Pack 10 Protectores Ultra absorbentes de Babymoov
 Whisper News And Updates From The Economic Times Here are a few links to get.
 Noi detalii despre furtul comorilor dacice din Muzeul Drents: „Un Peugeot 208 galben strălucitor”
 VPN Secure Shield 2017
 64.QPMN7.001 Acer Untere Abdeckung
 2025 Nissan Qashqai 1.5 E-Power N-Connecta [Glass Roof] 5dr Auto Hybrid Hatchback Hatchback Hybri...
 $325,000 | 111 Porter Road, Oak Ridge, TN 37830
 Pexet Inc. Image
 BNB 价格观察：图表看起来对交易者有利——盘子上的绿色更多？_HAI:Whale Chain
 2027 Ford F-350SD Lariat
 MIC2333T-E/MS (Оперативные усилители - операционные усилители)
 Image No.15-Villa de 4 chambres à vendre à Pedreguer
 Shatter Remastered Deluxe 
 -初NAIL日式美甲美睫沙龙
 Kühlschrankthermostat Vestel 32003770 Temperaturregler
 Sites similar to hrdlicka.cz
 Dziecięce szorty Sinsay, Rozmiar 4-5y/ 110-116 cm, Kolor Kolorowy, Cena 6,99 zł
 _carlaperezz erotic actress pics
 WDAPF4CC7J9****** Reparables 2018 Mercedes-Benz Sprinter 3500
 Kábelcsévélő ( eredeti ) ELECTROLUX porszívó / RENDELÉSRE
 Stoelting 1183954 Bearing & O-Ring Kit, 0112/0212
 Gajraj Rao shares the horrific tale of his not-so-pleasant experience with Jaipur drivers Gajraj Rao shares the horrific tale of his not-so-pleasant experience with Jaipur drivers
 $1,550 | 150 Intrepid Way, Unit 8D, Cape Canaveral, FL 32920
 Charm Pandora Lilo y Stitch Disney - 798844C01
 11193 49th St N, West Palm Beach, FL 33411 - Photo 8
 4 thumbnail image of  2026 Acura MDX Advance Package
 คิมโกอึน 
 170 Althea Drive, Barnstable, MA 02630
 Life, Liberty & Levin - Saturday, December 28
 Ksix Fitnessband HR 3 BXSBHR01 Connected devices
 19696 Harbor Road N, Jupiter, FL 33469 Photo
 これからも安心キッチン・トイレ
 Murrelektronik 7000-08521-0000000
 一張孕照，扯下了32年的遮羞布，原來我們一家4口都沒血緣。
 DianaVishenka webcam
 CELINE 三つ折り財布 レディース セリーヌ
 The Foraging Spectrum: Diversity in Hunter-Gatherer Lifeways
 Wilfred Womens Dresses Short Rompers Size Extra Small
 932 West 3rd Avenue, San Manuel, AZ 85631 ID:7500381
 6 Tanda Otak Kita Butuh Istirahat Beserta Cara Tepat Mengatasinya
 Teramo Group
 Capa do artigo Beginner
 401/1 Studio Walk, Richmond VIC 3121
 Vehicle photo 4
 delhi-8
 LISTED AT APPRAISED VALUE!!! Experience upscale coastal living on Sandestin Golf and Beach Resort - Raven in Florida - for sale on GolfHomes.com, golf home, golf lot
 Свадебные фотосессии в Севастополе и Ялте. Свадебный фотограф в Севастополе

-=-=-

Task:
Reproduce the listing above character for character.

Answer to this problem:
Pack 10 Protectores Ultra absorbentes de Babymoov
 Whisper News And Updates From The Economic Times Here are a few links to get.
 Noi detalii despre furtul comorilor dacice din Muzeul Drents: „Un Peugeot 208 galben strălucitor”
 VPN Secure Shield 2017
 64.QPMN7.001 Acer Untere Abdeckung
 2025 Nissan Qashqai 1.5 E-Power N-Connecta [Glass Roof] 5dr Auto Hybrid Hatchback Hatchback Hybri...
 $325,000 | 111 Porter Road, Oak Ridge, TN 37830
 Pexet Inc. Image
 BNB 价格观察：图表看起来对交易者有利——盘子上的绿色更多？_HAI:Whale Chain
 2027 Ford F-350SD Lariat
 MIC2333T-E/MS (Оперативные усилители - операционные усилители)
 Image No.15-Villa de 4 chambres à vendre à Pedreguer
 Shatter Remastered Deluxe 
 -初NAIL日式美甲美睫沙龙
 Kühlschrankthermostat Vestel 32003770 Temperaturregler
 Sites similar to hrdlicka.cz
 Dziecięce szorty Sinsay, Rozmiar 4-5y/ 110-116 cm, Kolor Kolorowy, Cena 6,99 zł
 _carlaperezz erotic actress pics
 WDAPF4CC7J9****** Reparables 2018 Mercedes-Benz Sprinter 3500
 Kábelcsévélő ( eredeti ) ELECTROLUX porszívó / RENDELÉSRE
 Stoelting 1183954 Bearing & O-Ring Kit, 0112/0212
 Gajraj Rao shares the horrific tale of his not-so-pleasant experience with Jaipur drivers Gajraj Rao shares the horrific tale of his not-so-pleasant experience with Jaipur drivers
 $1,550 | 150 Intrepid Way, Unit 8D, Cape Canaveral, FL 32920
 Charm Pandora Lilo y Stitch Disney - 798844C01
 11193 49th St N, West Palm Beach, FL 33411 - Photo 8
 4 thumbnail image of  2026 Acura MDX Advance Package
 คิมโกอึน 
 170 Althea Drive, Barnstable, MA 02630
 Life, Liberty & Levin - Saturday, December 28
 Ksix Fitnessband HR 3 BXSBHR01 Connected devices
 19696 Harbor Road N, Jupiter, FL 33469 Photo
 これからも安心キッチン・トイレ
 Murrelektronik 7000-08521-0000000
 一張孕照，扯下了32年的遮羞布，原來我們一家4口都沒血緣。
 DianaVishenka webcam
 CELINE 三つ折り財布 レディース セリーヌ
 The Foraging Spectrum: Diversity in Hunter-Gatherer Lifeways
 Wilfred Womens Dresses Short Rompers Size Extra Small
 932 West 3rd Avenue, San Manuel, AZ 85631 ID:7500381
 6 Tanda Otak Kita Butuh Istirahat Beserta Cara Tepat Mengatasinya
 Teramo Group
 Capa do artigo Beginner
 401/1 Studio Walk, Richmond VIC 3121
 Vehicle photo 4
 delhi-8
 LISTED AT APPRAISED VALUE!!! Experience upscale coastal living on Sandestin Golf and Beach Resort - Raven in Florida - for sale on GolfHomes.com, golf home, golf lot
 Свадебные фотосессии в Севастополе и Ялте. Свадебный фотограф в Севастополе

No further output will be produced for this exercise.